営業活動により得られた資金は、105億47百万円(前年同四半期は33億74百万円の収入)となりました。これは主に、税金等調整前四半期純利益、減価償却費の計上及びたな卸資産が減少した一方、法人税等の支払いがあったことによるものであります。

(投資活動によるキャッシュ・フロー)

投資活動により使用した資金は、88億25百万円(前年同四半期は80億6百万円の支出)となりました。これは主に、物流施設の建設及び土地取得や車両などの購入による支出があったことによるものであります。

(財務活動によるキャッシュ・フロー)

財務活動により使用した資金は、9億81百万円(前年同四半期は23億79百万円の収入)となりました。
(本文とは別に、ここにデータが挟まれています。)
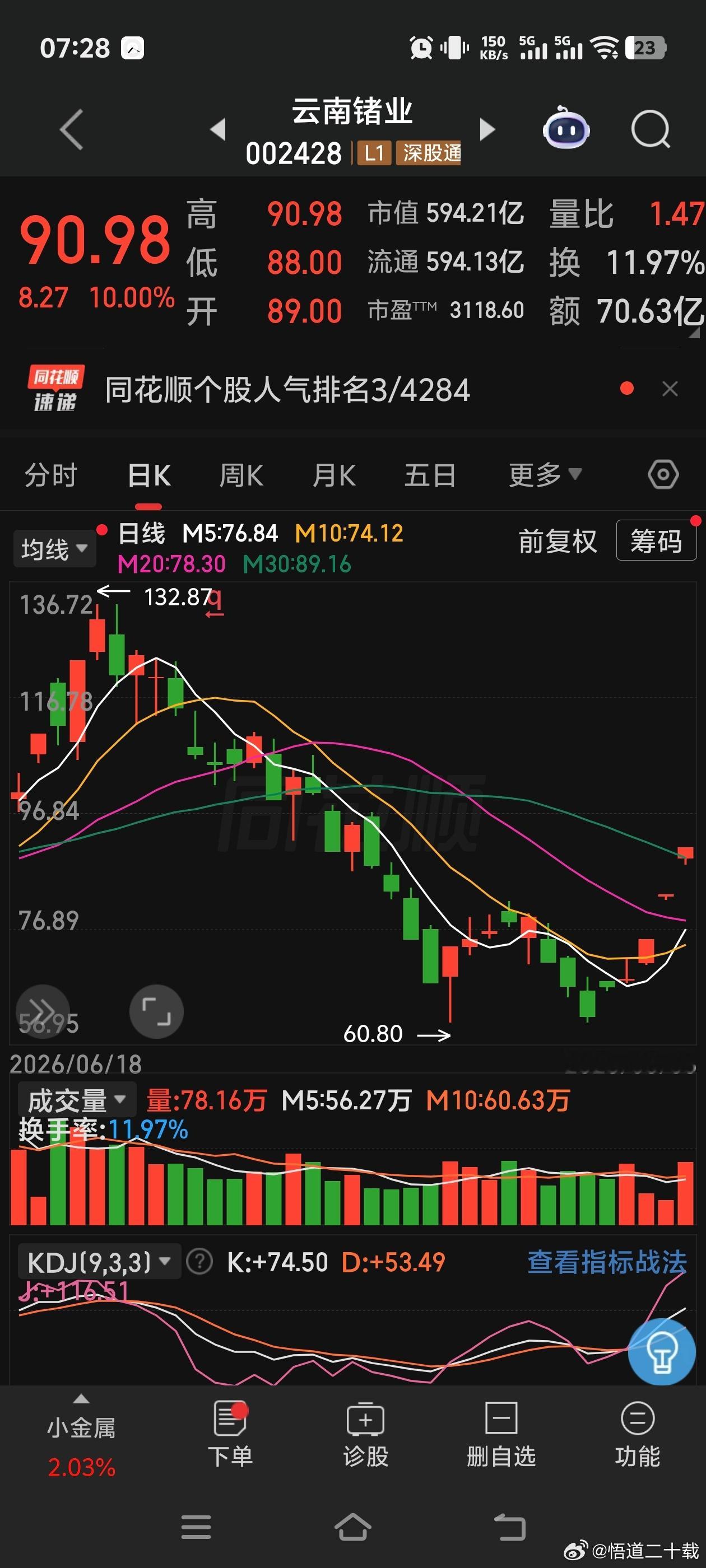 云南锗业 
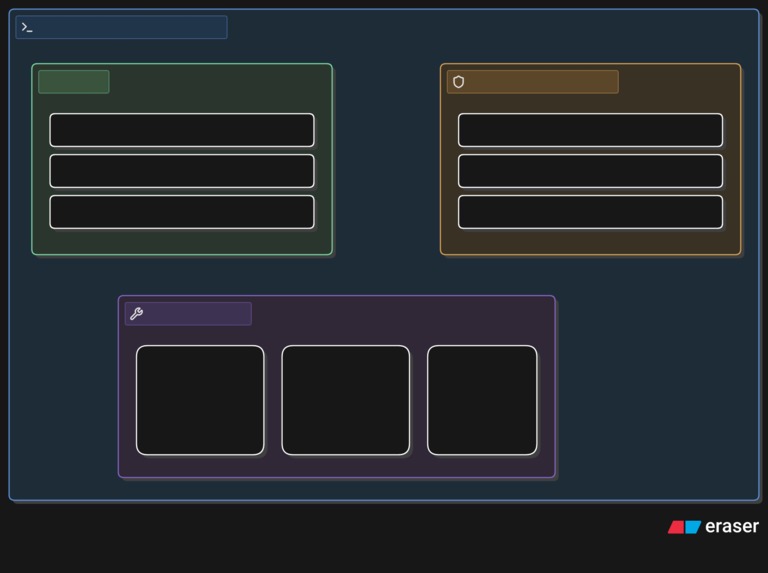 Yomi Triage System: Autonomous DFIR Engine – screenshot 2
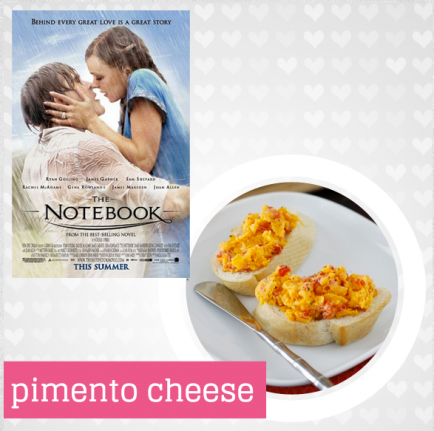 <div class="caption-credit">Photo by: All movie poster images from Wikipedia, all food i</div><div class="caption-title">1. The Notebook</div><b><i>Dish + Drink: Pimento cheese on toast with a hammer cocktail</i></b> <br> Red's Ice House has been around Shem Creek, South Carolina since 1947. One of the popular items on the menu is their "<a rel="nofollow noopener" href="http://www.redsicehouse.com/menu/take-a-dip/" target="_blank" data-ylk="slk:True South Pimento Cheese;elm:context_link;itc:0;sec:content-canvas" class="link ">True South Pimento Cheese</a>" and they offer it as a dip or as a burger topping. You can make this spread at home from a <a rel="nofollow noopener" href="http://www.babble.com/best-recipes/how-to-make-homemade-pimento-cheese/?cmp=ELP|bbl||YahooShine||InHouse|021114|FoodRomanceMovies||famE|" target="_blank" data-ylk="slk:recipe on Babble;elm:context_link;itc:0;sec:content-canvas" class="link ">recipe on Babble</a>. For something to sip on, try your hand at a <a rel="nofollow noopener" href="http://www.drinksmixer.com/drink9268.html" target="_blank" data-ylk="slk:Hammer;elm:context_link;itc:0;sec:content-canvas" class="link ">Hammer</a>. This cocktail, featuring coconut rum and soda, is a quiet nod to Noah Calhoun, the carpenter played by Ryan Gosling in the movie. <br> <i>Photo source: All movie poster images from Wikipedia, all food images from Babble</i> <br> <a rel="nofollow noopener" href="http://www.babble.com/entertainment/read-the-book-before-you-see-the-movie-in-2014/?cmp=ELP|bbl||YahooShine||InHouse|021114|FoodRomanticMovies||famE|" target="_blank" data-ylk="slk:Related: 8 books to read before they hit movie screens in 2014;elm:context_link;itc:0;sec:content-canvas" class="link "><b><i>Related: 8 books to read before they hit movie screens in 2014</i></b></a>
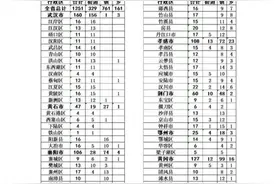 湖北最新行政区划公布！多地有调整图片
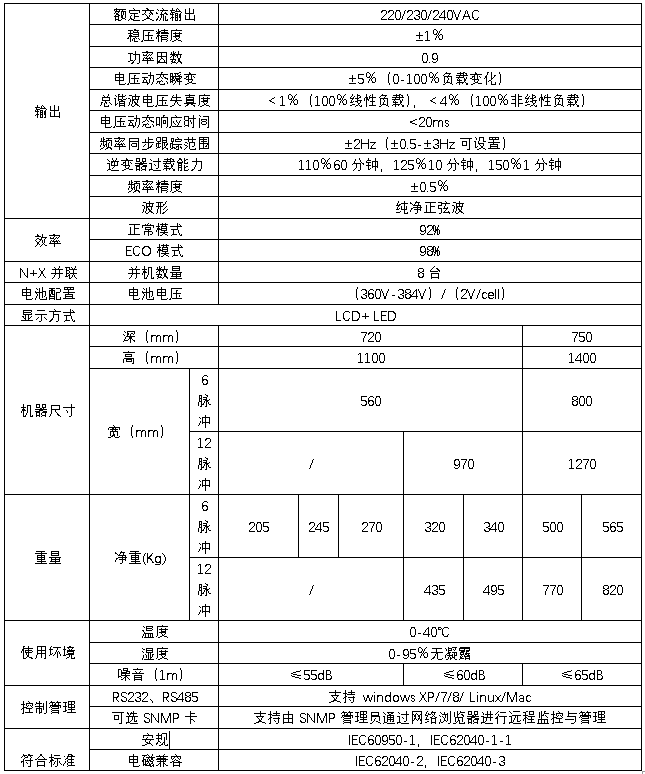 HB-S3000系列三进单出数字化双变换工频UPS规格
これは主に、長期借入れによる収入27億円及び短期借入金の純増が33億円あった一方、長期借入金の返済支出が55億27百万円及び配当金8億73百万円の支払いを行ったことによるものです。

 

(4) 経営方針・経営戦略等

当第2四半期連結累計期間において、当社グループが定めている経営方針・経営戦略等について重要な変更はありません。

 

(5) 事業上及び財務上の対処すべき課題

当第2四半期連結累計期間において、当社グループの事業上及び財務上の対処すべき課題に重要な変更及び新たに生じた課題はありません。

 

(6) 研究開発活動

該当事項はありません。

 

3 【経営上の重要な契約等】

当第2四半期連結会計期間において、経営上の重要な契約等の決定又は締結等はありません。